Governments are helping with this legalized tax avoidance. They make no effort to abolish these legal set-ups that are so disconnected from the way things work in reality. By allowing transnationals to legally divide up and spread their accounts across countries pretty much as they please and stash as much capital as possible in offshore accounts, governments are promoting a tax avoidance strategy instead of fighting it.

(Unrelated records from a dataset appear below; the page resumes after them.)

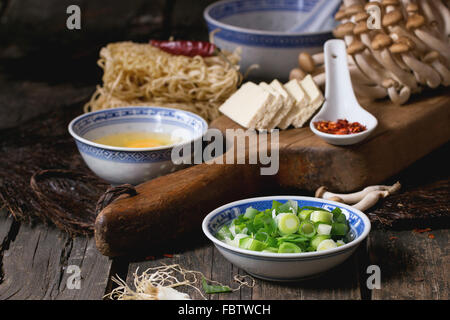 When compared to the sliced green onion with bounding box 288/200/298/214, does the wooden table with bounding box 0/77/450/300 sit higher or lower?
lower

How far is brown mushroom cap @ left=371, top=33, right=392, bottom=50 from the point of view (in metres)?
2.99

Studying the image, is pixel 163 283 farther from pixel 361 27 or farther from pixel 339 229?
pixel 361 27

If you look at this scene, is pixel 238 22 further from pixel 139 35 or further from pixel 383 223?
pixel 383 223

In 2014, the most powerful countries in the world, the members of the Organization for Economic Co-operation and Development (OECD), established a Base Erosion and Profit Shifting (BEPS) project for the stated purpose of countering tax havens. However, the proposed rules would leave the legal architecture that makes tax avoidance possible virtually intact. Transnationals will still be able to apportion their revenues to selected entities and create ‘patent boxes’ in order to concentrate their intellectual property revenues in a single, low-tax jurisdiction. Initiatives like the BEPS tend to tackle particularly blatant infringements but leave the basic tools of avoidance intact.1
By arguing that Ireland is extending undue aid to corporations seeking to avoid tax, Commissioner Vestager has challenged transnationals that have taken advantage of that country’s excessively lenient system and tried to reinstate their tax obligations. The battle is far from over and the will of a single individual can’t guarantee the continuation of this Herculean effort in the long term.

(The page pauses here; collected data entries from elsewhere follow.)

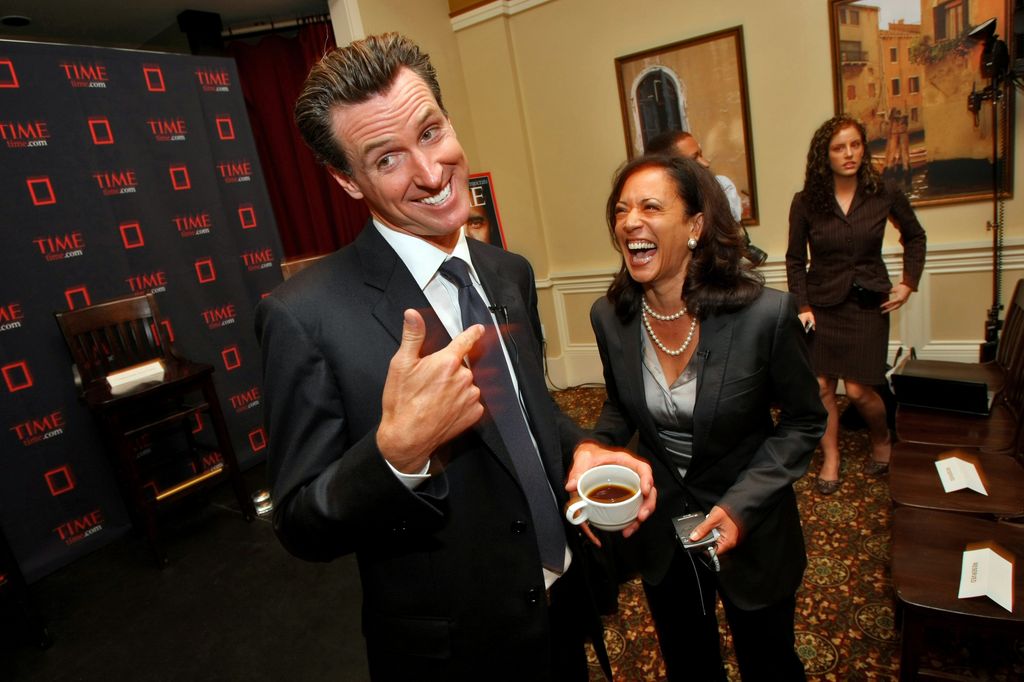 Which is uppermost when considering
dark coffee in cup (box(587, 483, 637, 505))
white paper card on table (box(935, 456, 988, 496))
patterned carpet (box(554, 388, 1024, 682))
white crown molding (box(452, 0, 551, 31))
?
white crown molding (box(452, 0, 551, 31))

For the most part, government tax enforcement measures are targeted at individuals. For individual taxpayers, it is illegal to hide assets abroad. Unlike corporations, they can’t split themselves into several entities and claim to be everywhere in the world at once. Individuals seeking to avoid paying tax use opaque mechanisms in the tax havens to prevent states from investigating the assets they are hiding there. Here too, governments have been complicit. The Tax Information Exchange Agreements that dozens of traditional states have signed with tax havens do not take into account the fact that in many cases the tax havens don’t even maintain a civil service, and certainly don’t require financial or commercial institutions to keep records on their local financial entities’ real beneficiaries. In short, they may have no way to answer enquiries from other states seeking information on runaway taxpayers even if they wanted to, which they generally don’t. Even when wealthy individuals do get caught, like Canadian clients of the notorious KPMG in the Isle of Man1, they negotiate sweetheart deals with revenue agencies involving back taxes at low interest rates and no penalties.
In short, we cannot understand how tax havens work unless we understand that while governments feign opposition to them, they actually support almost every aspect of their operation.